> [The problem]:
What you return should be the lines from the one with "Call of Duty: Black Ops Zombies MOD" through the one with "A Ca' De Mananan" in the data below, reproduced exactly with both ends, and no pictures at all.

> [Records supplied]:
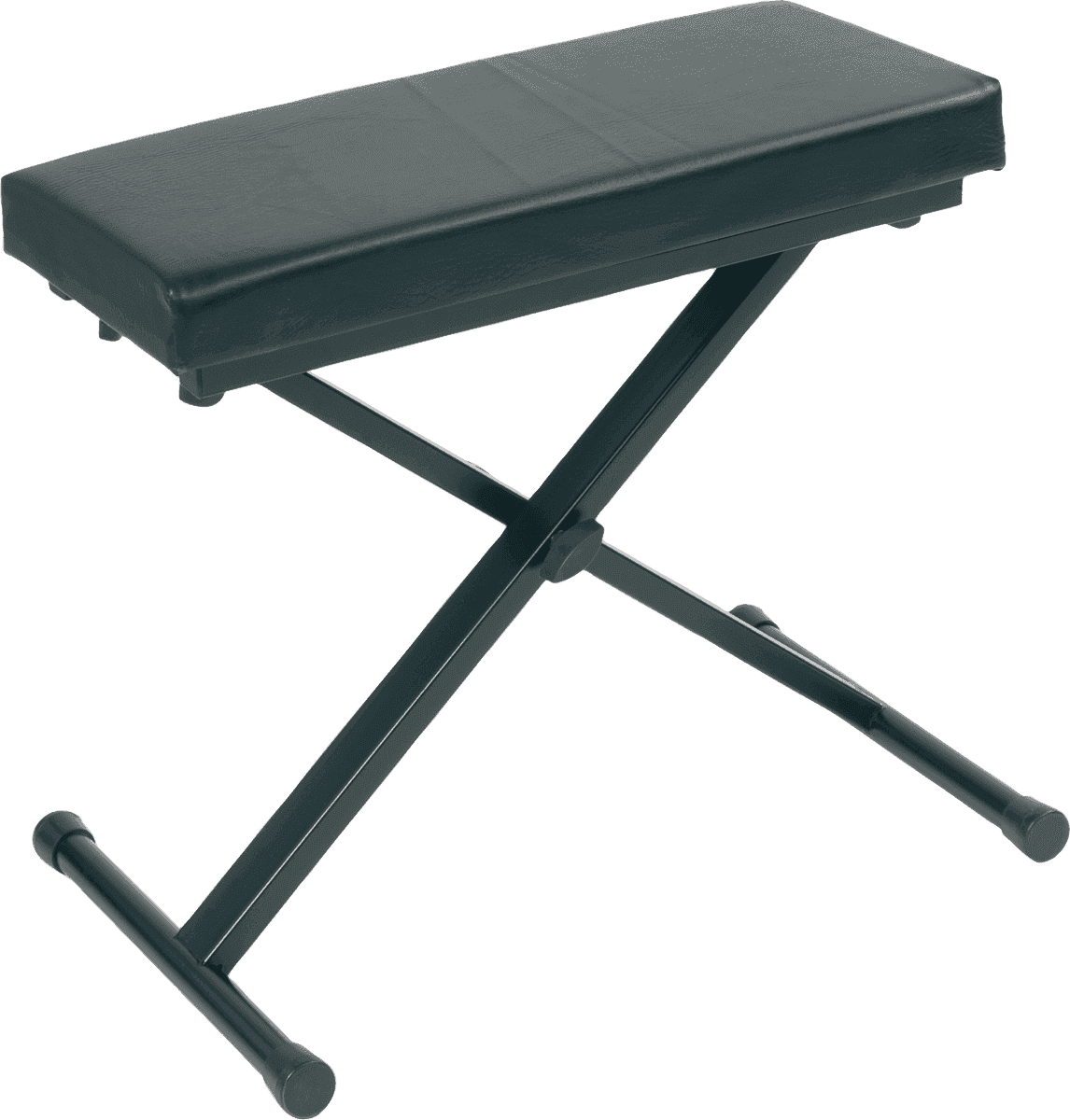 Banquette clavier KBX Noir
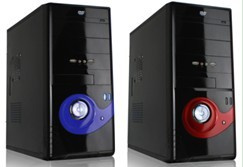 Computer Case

--

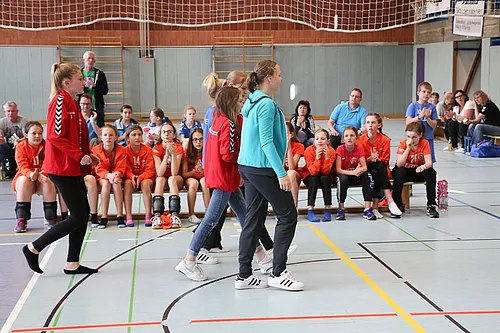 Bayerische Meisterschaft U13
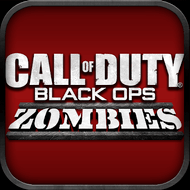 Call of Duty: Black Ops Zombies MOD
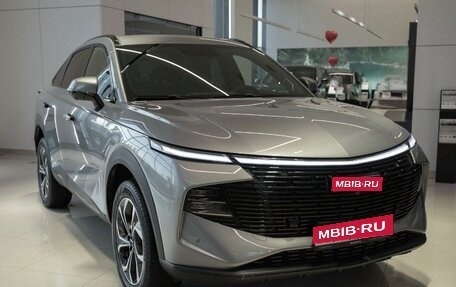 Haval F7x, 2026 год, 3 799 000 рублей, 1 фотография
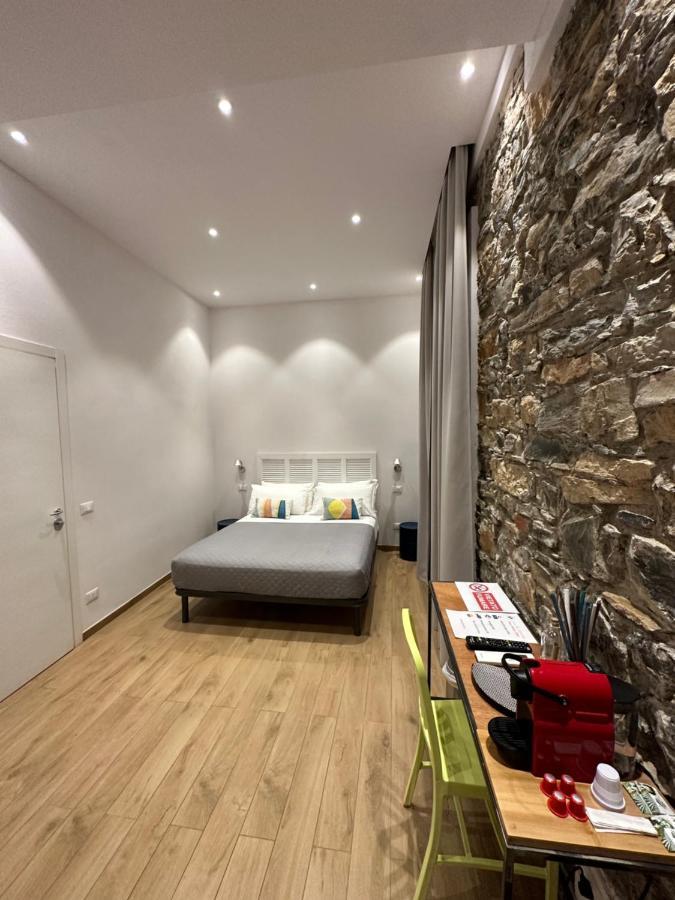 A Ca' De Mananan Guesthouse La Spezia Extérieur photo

> [Response area]:
 Call of Duty: Black Ops Zombies MOD
 Haval F7x, 2026 год, 3 799 000 рублей, 1 фотография
 A Ca' De Mananan Guesthouse La Spezia Extérieur photo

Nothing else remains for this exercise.